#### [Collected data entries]

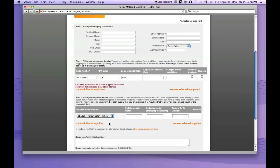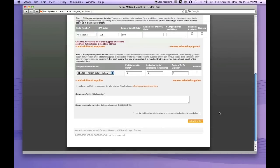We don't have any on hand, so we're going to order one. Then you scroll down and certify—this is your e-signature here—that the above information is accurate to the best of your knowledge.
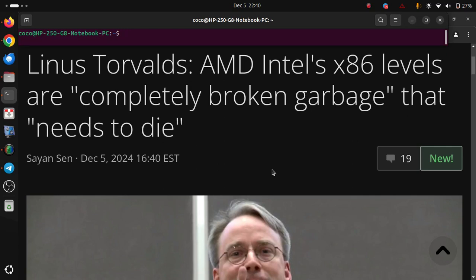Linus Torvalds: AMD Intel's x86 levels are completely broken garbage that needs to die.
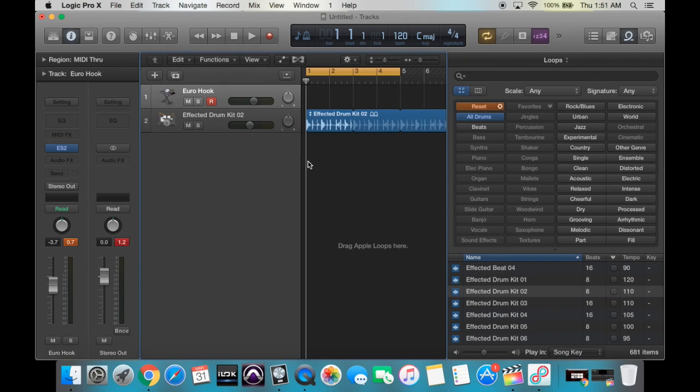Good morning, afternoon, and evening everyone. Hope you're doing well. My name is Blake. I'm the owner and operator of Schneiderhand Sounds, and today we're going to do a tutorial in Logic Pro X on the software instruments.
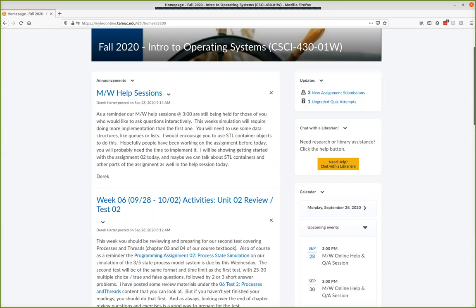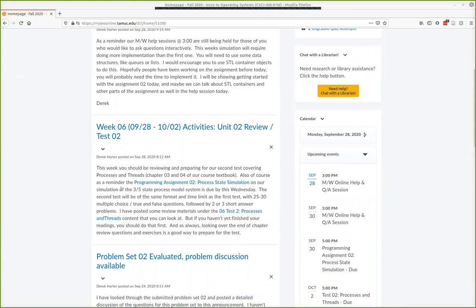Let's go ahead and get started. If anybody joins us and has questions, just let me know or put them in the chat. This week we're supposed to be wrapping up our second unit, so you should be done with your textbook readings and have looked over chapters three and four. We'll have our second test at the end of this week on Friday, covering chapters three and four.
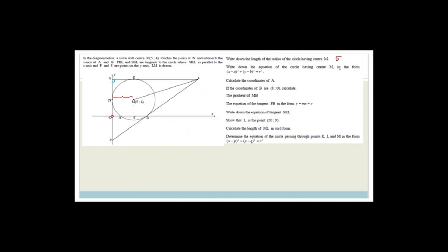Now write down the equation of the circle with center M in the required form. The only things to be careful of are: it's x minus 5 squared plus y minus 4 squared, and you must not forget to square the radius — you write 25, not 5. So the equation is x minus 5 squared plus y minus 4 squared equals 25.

#### [PROBLEM DETAILS]
A verbatim copy of every entry is wanted; the pictures stay out of it.

#### [YOUR SOLUTION]
We don't have any on hand, so we're going to order one. Then you scroll down and certify—this is your e-signature here—that the above information is accurate to the best of your knowledge.
Linus Torvalds: AMD Intel's x86 levels are completely broken garbage that needs to die.
Good morning, afternoon, and evening everyone. Hope you're doing well. My name is Blake. I'm the owner and operator of Schneiderhand Sounds, and today we're going to do a tutorial in Logic Pro X on the software instruments.
Let's go ahead and get started. If anybody joins us and has questions, just let me know or put them in the chat. This week we're supposed to be wrapping up our second unit, so you should be done with your textbook readings and have looked over chapters three and four. We'll have our second test at the end of this week on Friday, covering chapters three and four.
Now write down the equation of the circle with center M in the required form. The only things to be careful of are: it's x minus 5 squared plus y minus 4 squared, and you must not forget to square the radius — you write 25, not 5. So the equation is x minus 5 squared plus y minus 4 squared equals 25.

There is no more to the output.